“To opowiadanie – pisze o Bezrobotnym Lucyferze Tomas Venclova – jest jego pierwszą próbą uporania się z własnym żydostwem (i własną polskością)”. Bibliofilskie wydanie Bezrobotnego Lucyfera z odręcznymi uwagami Autora w oprawie i z ilustracjami Jana Lebensteina wykonanymi w darze dla Poety (Austeria).
Twórczość prozatorska Aleksandra Wata, sama w sobie paradoksalna (już choćby tytuł tomu jego powieści- Bezrobotny Lucyfer– podsuwa, że mowa w nim o świecie, w którym szatan stracił rację bytu , bo ludzie sami z siebie wyręczają go w jego zadaniach), przeżywa życie po życiu równie paradoksalnie.
Krótka historia splotu przypadków, które złożyły się na powstanie książki.
Zaczęło sie od prezentu.
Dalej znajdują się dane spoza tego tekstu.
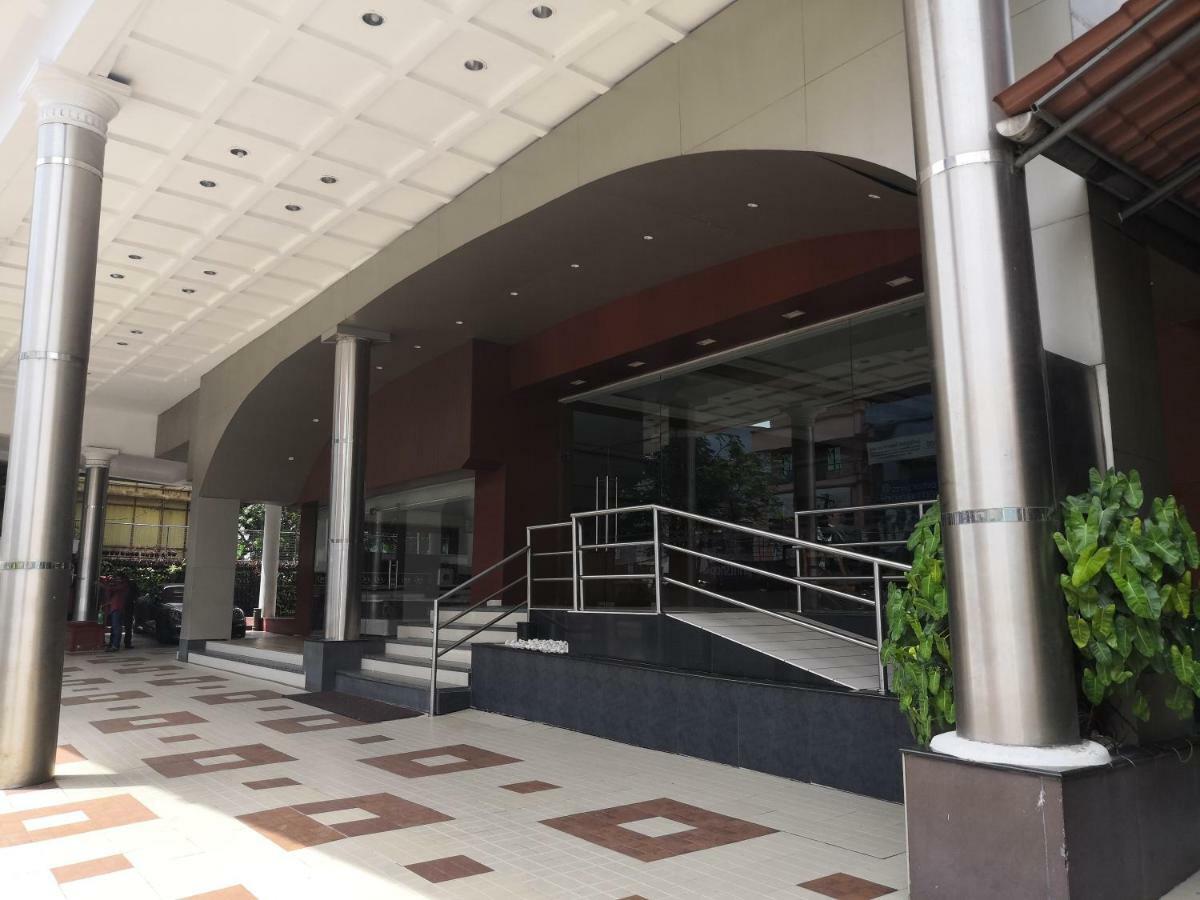 Presidency Kochi City Centre Екстериор снимка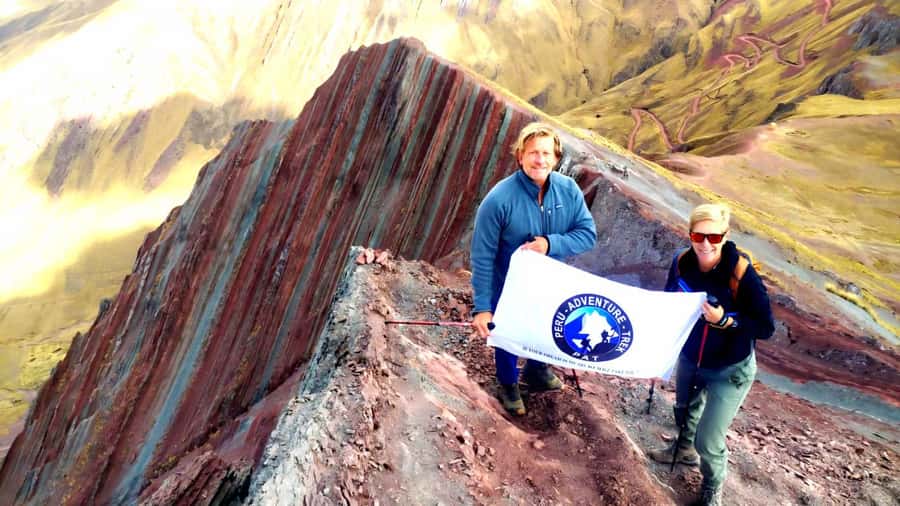 Tour Pallay Punchu Trek Full Day - Layo Canas and Cusipata: where the day turns from climb to community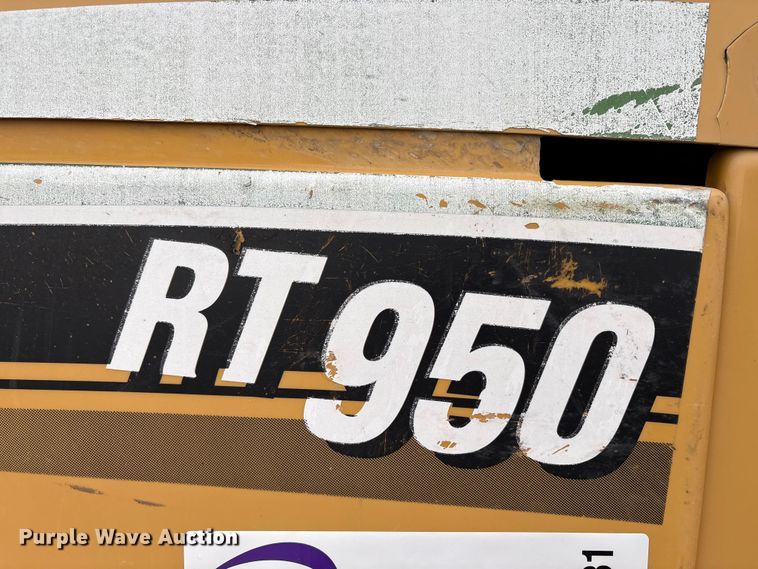 image for item EC8131 2007 Vermeer RT950 vibratory cable plow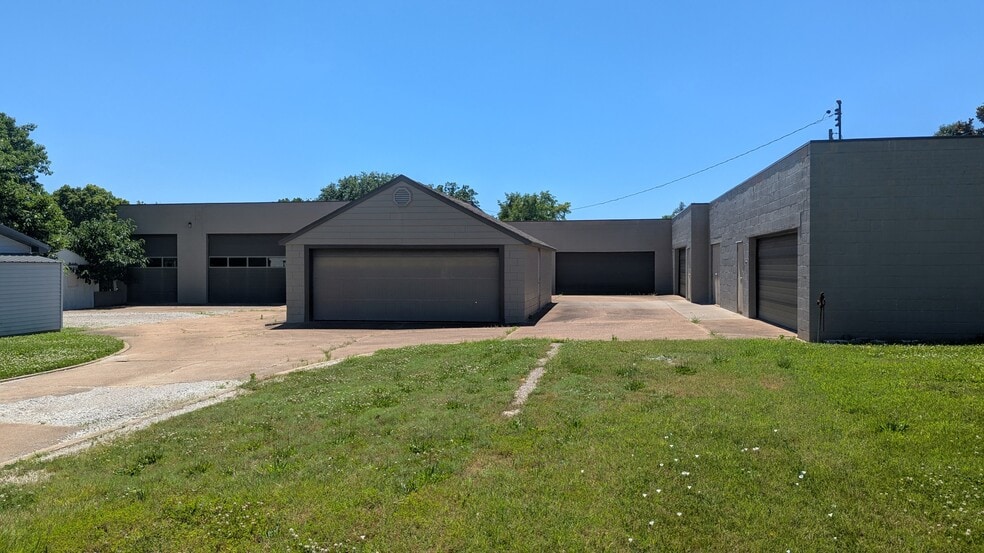 3004 S Belt W, Belleville, IL for sale - Building Photo - Image 2 of 6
Pod koniec 1926 roku ukazała się nakładem księgarni Ferdynanda Hoesicka w Warszawie – z datą 1927- tom powieści dedykowany po prostu “Żonie”. Prezent niejako przdślubny, skoro do zawarcia związku małżeńskiego między Aleksandrem Watem a Pauliną (Olą) Watową z domu Lew doszło 27 stycznia 1927 roku. Potem było szczęśliwe małżeństwo, narodziny syna Andrzeja, ale w końcu wybuchła wojna. Watowie znaleźli się we Lwowie, on został aresztowany, ona z synem wywieziona do Kazachstanu, warszawskie mieszkanie zostało zmombardowane, przepadły autorskie egzemplarze przedwojennych książek Wata. Watowie wrócili do kraju dopiero w 1946 roku.
28 kwietnia 1954 Aleksander Wat natrafia, zapewne w jednym z warszawskich antykwariatów, na egzemplarz Bezrobotnego Lucyfera z 1927 roku. Poeta kupuje utraconą książkę, a wydrukowaną dedykację potwierdza odręcznie, dopisując nad słówkiem “Żonie” drukowanymi literami “MOJEJ- TEJŻE- ZAWSZE”. W tym odzyskanym egzemplarzu wprowadza wiele interesujących poprawek, które zostaną wykorzystane w wydaniu powojennym, uszczuplonym o dwie opowieści zakwestionowane przez cenzurę.
W 1959 roku Watowie wyjeżdżają z Polski- poeta nigdy już do kraju nie wróci. Mieszkają w południowej Francji, Włoszech, wreszcie w Paryżu, gdzie nawiązują przyjaźń z artystą Janem Lebensteinem, który tak jak oni opuścił Polskę. W roku 1963 Jan Lebenstein przeczytał Bezrobotnego Lucyfera i wpadł w zachwyt.
Dla Lebensteina przygoda lekturowa pod tytułem Bezrobotny Lucyfer okazała się przede wszystkim odkryciem w otaczającym go Paryżu lat 60-tych tamtego przedwojennego miasta. W wąskich uliczkach żydowskiej dzielnicy Marais, gdzie mieszkał, wśród sklepików ze swojsko brzmiącymi nazwiskami i ze znajomymi zapachami; w okolicach Montmartre’u, jak na rue Lepic, ulicy burdeli i kawiarenek , pod bazyliką Sacre Coeur, którą pokazał w całym majestacie wschodniej kosmogonii, w formie olbrzymiej piersi spoczywającej na dwóch wesołych słoniach; wśród typów paryskiej ulicy, jak ten “Rosjanin, atletyczny święty Franciszek, długowłosy anarchista o gołębim sercu” z opowieści Wata. Może nawet domalował sam siebie w tym światku w postaci bobasa przed zastawioną kieliszkami ladą baru, a potem chłopca z cygarem i butelką, który przytrzymuje się latarni wyrzucony z lokalu.
Namacalnym świadectwem zachwytu Lebensteina nad Bezrobotnym Lucyferem jest fakt, że zilustrował poszczególne opowiadania, a książkę opatrzył masywną oprawą w lucyferycznej, czarno-czerwonej tonacji. […]
Wzbogacony przez siebie egzemplarz “diabelskiej księgi” wręczył zapewne poecie w upominku gwiazdkowym. Dziś oba egzemplarze ukazują się w jednym wydaniu w podobizmie fototypicznej. Do tekstu wydania przedwojennego, pełniejszego, a dodatkowo wzbogaconego rękopiśmiennymi poprawkami Wata i jego dedykacjami, dla żony i dla Lebensteina, dodano z unikatowego egzemplarza wydania powojennego ilustracje Jana Lebensteina. Powstała w ten sposób nowa całość zawierająca nieocenzurowany tekst książki z poprawkami autora i przylegające do tego tekstu jak rękawiczka ilustracje. Dwa w jednym.